Methods of solving first and second order differential equations, applications, systems of equations, series solutions, existence theorems, numerical methods, and partial differential equations.
Probability as a mathematical system, random variables and their distributions, limit theorems, statistical inference, estimation, decision theory and testing hypotheses.
Topics to be selected from counting techniques, mathematical logic, set theory, data structures, graph theory, trees, directed graphs, algebraic structures, Boolean algebra, lattices, and optimization of discrete processes.

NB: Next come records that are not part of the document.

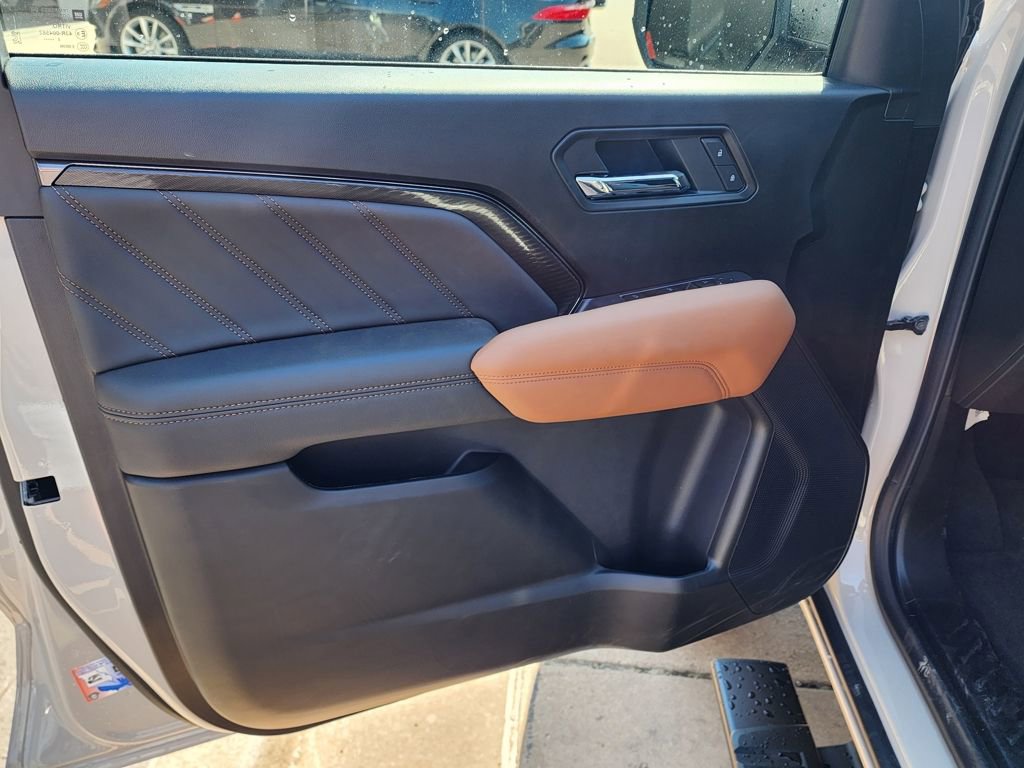 New 2026 GMC Canyon AT4 image 13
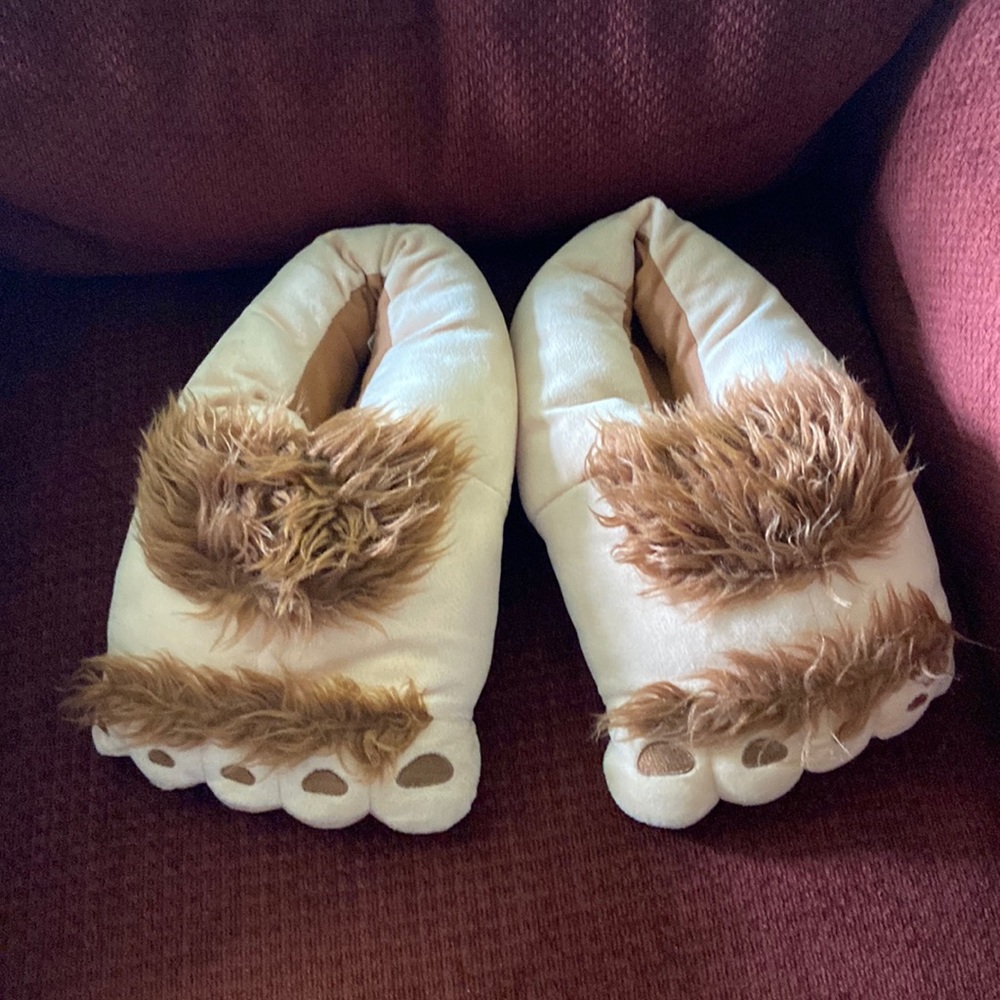 Men’s Hairy Feet Slippers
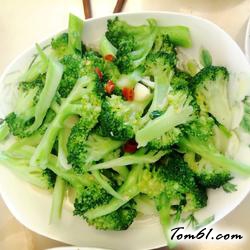 清炒西兰花的做法2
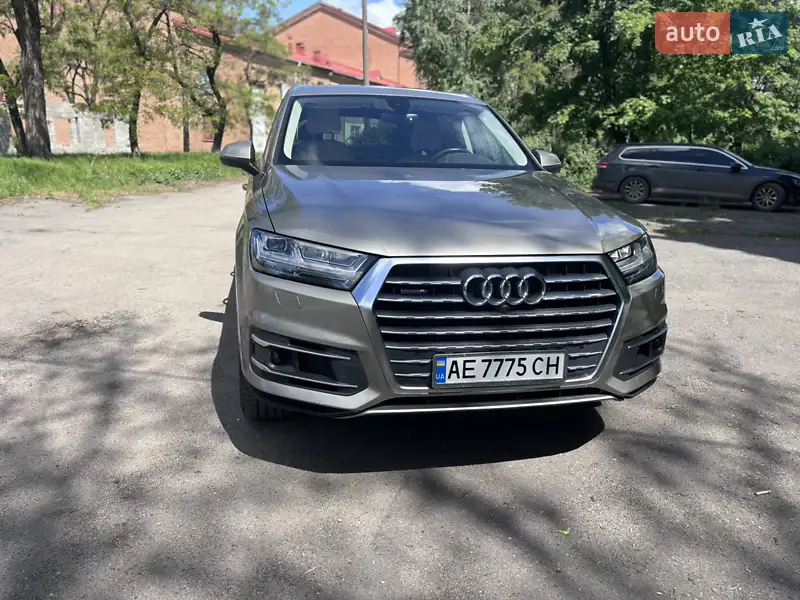 Внедорожник / Кроссовер Audi Q7 2017 в 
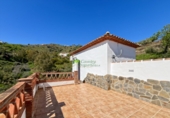 Casa de campo con terreno en venta en Cómpeta ref: TR419190 foto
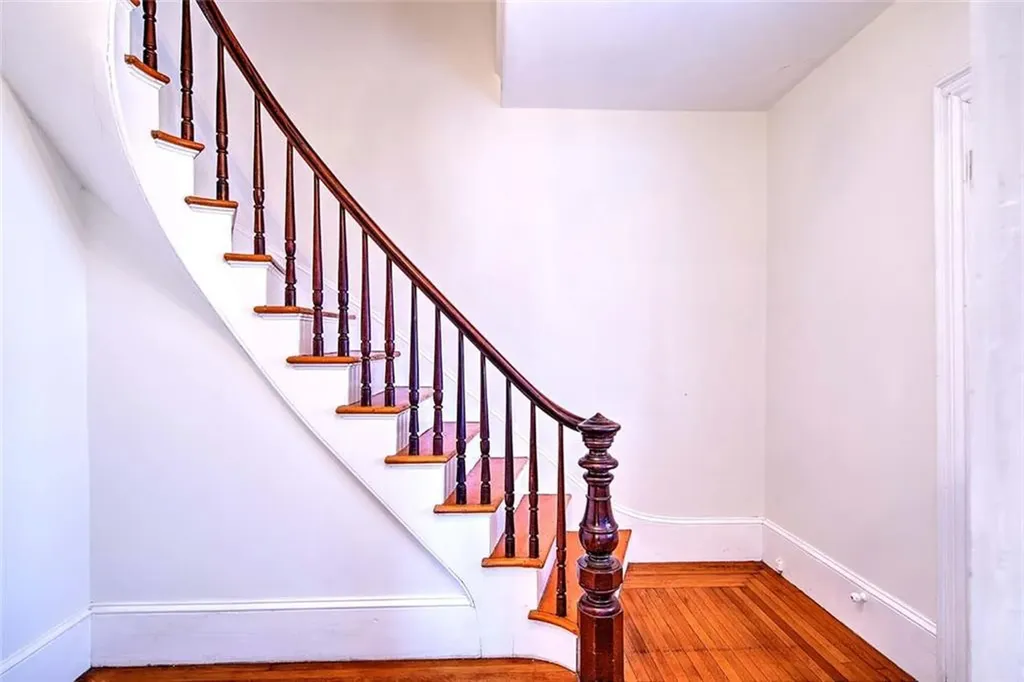 2952 East Main Road Portsmouth RI 02871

The history of mathematics from ancient to modern times. The mathematicians, their times, their problems, and their tools. Major emphasis on the development of geometry, algebra, and calculus.

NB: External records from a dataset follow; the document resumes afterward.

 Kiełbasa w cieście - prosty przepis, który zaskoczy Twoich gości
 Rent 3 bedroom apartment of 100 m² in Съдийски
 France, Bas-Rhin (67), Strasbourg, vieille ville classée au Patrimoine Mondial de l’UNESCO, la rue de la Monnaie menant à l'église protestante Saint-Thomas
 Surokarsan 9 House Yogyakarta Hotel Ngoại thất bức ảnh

A review of Euclidean geometry, an examination of deficiencies in Euclidean geometry, and an introduction to non-Euclidean geometrics. Axiomatic structure and methods of proof are emphasized.
A survey of the classical algebraic structures taking an axiomatic approach. Deals with the theory of groups and rings and associated structures, including subgroups, factor groups, direct sums of groups or rings, quotient rings, polynomical rings, ideals, and fields.
An introduction to topological structures from point-set, differential, algebraic, and combinatorial points of view. Topics include continuity, connectedness, compactness, separation, dimension, homeomorphism, homology, homotopy, and classification of surfaces.
This course develops the logical foundations underlying the calculus of real-valued functions of a single real variable. Topics include limits, continuity, uniform continuity, derivatives and integrals, sequences and series of numbers and functions, convergence, and uniform convergence.
A study of the concepts of calculus for functions with domain and range in the complex numbers. The concepts are limits, continuity, derivatives, integrals, sequences, and series. Topics include Cauchy-Riemann equations, analytic functions, contour integrals, Cauchy integral formulas, Taylor and Laurent series, and special functions.